Corazonin

Identifiers
- CAS Number: 122984-73-0;
- 3D model (JSmol): Interactive image;
- ChemSpider: 28296137;
- PubChem CID: 25082621;

Properties
- Chemical formula: C_{62}H_{84}N_{18}O_{18}
- Molar mass: 1369.462 g·mol^{−1}

= Corazonin =

Neuropeptide of insects

Corazonin is a highly conserved neuropeptide found in many insects, in particular locusts and cockroaches.

== Structure ==

Corazonin is an undecapeptide (11 amino-acid peptide) with the amino acid sequence carboxyl-Glu-Thr-Phe-Gln-Tyr-Ser-Arg-Gly-Trp-Thr-Asn-amine. It is blocked by at its N-terminal side and amidated at its C-terminus. This form is called [Arg(7)]-corazonin. Other forms include [His(7)]-corazonin, [Thr(4), His(7)]-corazonin and [Tyr(3), Gln(7), Gln(10)]-corazonin.

== History ==

Corazonin was first identified as a cardiostimulatory neuropeptide in the American cockroach (Periplaneta americana). Due to its ability to accelerate the heart beat in P. americana it was named corazonin, from 'corazón', the Spanish word for 'heart'. It was then shown to be present also in the moth Manduca sexta, another cockroach species, Nauphoeta cinerea as well as the locust Schistocerca gregaria. In the latter species the Arg residue was replaced by a His residue. Several years later the peptide was independently identified from locusts, where it was initially named 'dark-color-inducing neurohormone' or 'dark pigmentotropin' due to its ability to induce dark pigmentation in some insects.
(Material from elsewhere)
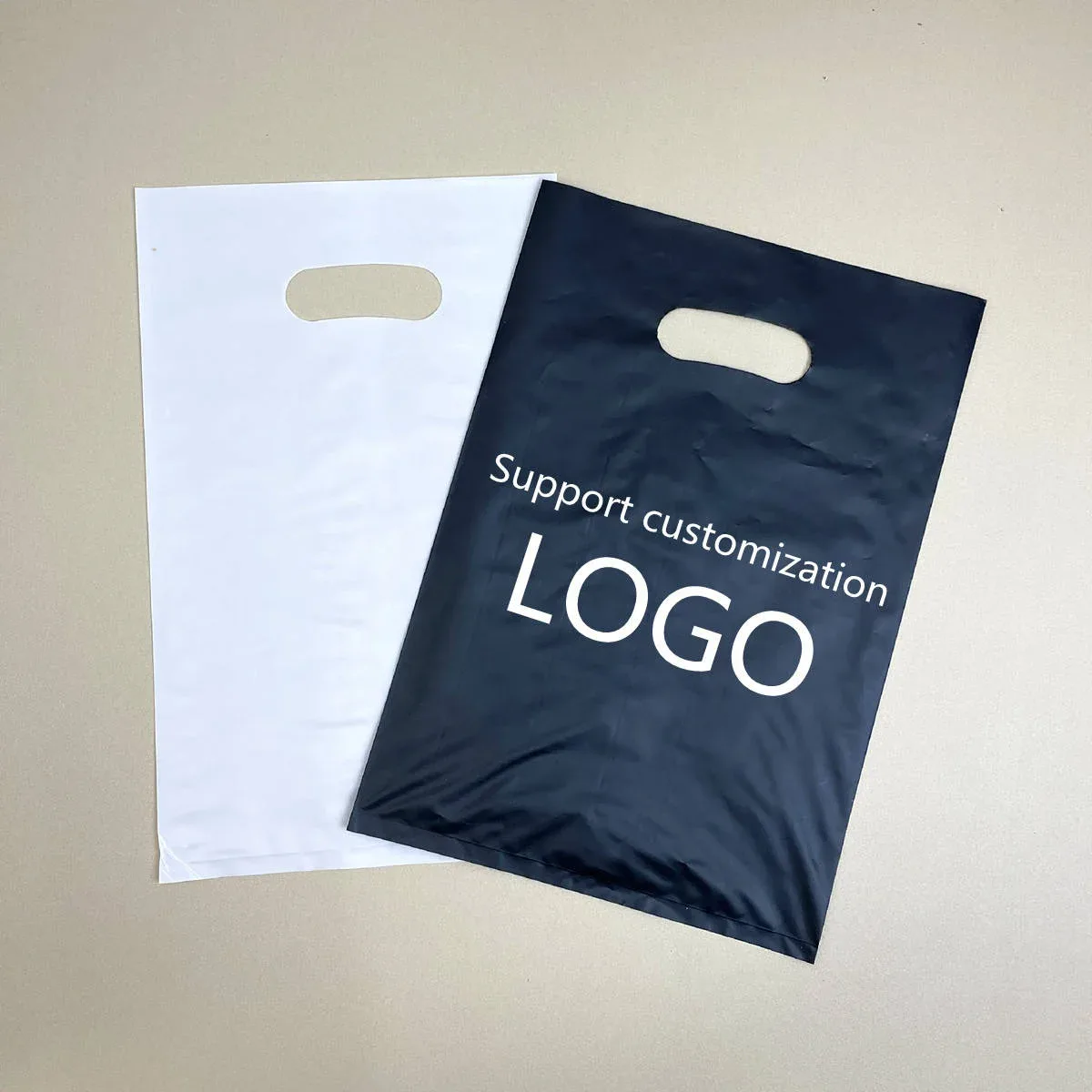 Dicke LDPE-Tasche mit Griffloch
== Where corazonin is found ==

[Arg(7)]-corazonin was originally identified in cockroaches such as the American cockroach (Periplaneta americana) and has also been identified in the genus of flies Drosophila, the cricket Gryllus bimaculatus and the silkworm Bombyx mori and is now known to be the most common form of this peptide. [His(7)]-corazonin is found in certain locusts, including the migratory locust (Locusta migratoria) and the desert locust (Schistocerca gregaria), the stick insect Carausius morosus, and in wasps (Vespidae). [Thr(4), His(7)]-corazonin appears only to be found in bees, such as the honey bee (Apis mellifera). [Tyr(3), Gln(7), Gln(10)]-corazonin is present in wasps. Corazonin appears to be lacking in all beetle species as well as aphids. [Arg(7)]-corazonin has also been identified from the tick Ixodes scapularis, but is absent from the spider mite. It may thus well be generally present in Arthropods.

== Function ==

The peptide is typically produced by large neuroendocrine cells in the pars lateralis of the protocerebrum that have axons into the corpora cardiaca where it is released into the hemolymph. In this respect the neuropeptide resembles its vertebrate homolog, GnRH (Gonadotropin Releasing Hormone) which is released into the pituitary gland to stimulate the release of Luteinizing hormone and Follicle Stimulating Hormone in vertebrates, like humans. Corazonin and GnRH are clear homologs, as are their receptors.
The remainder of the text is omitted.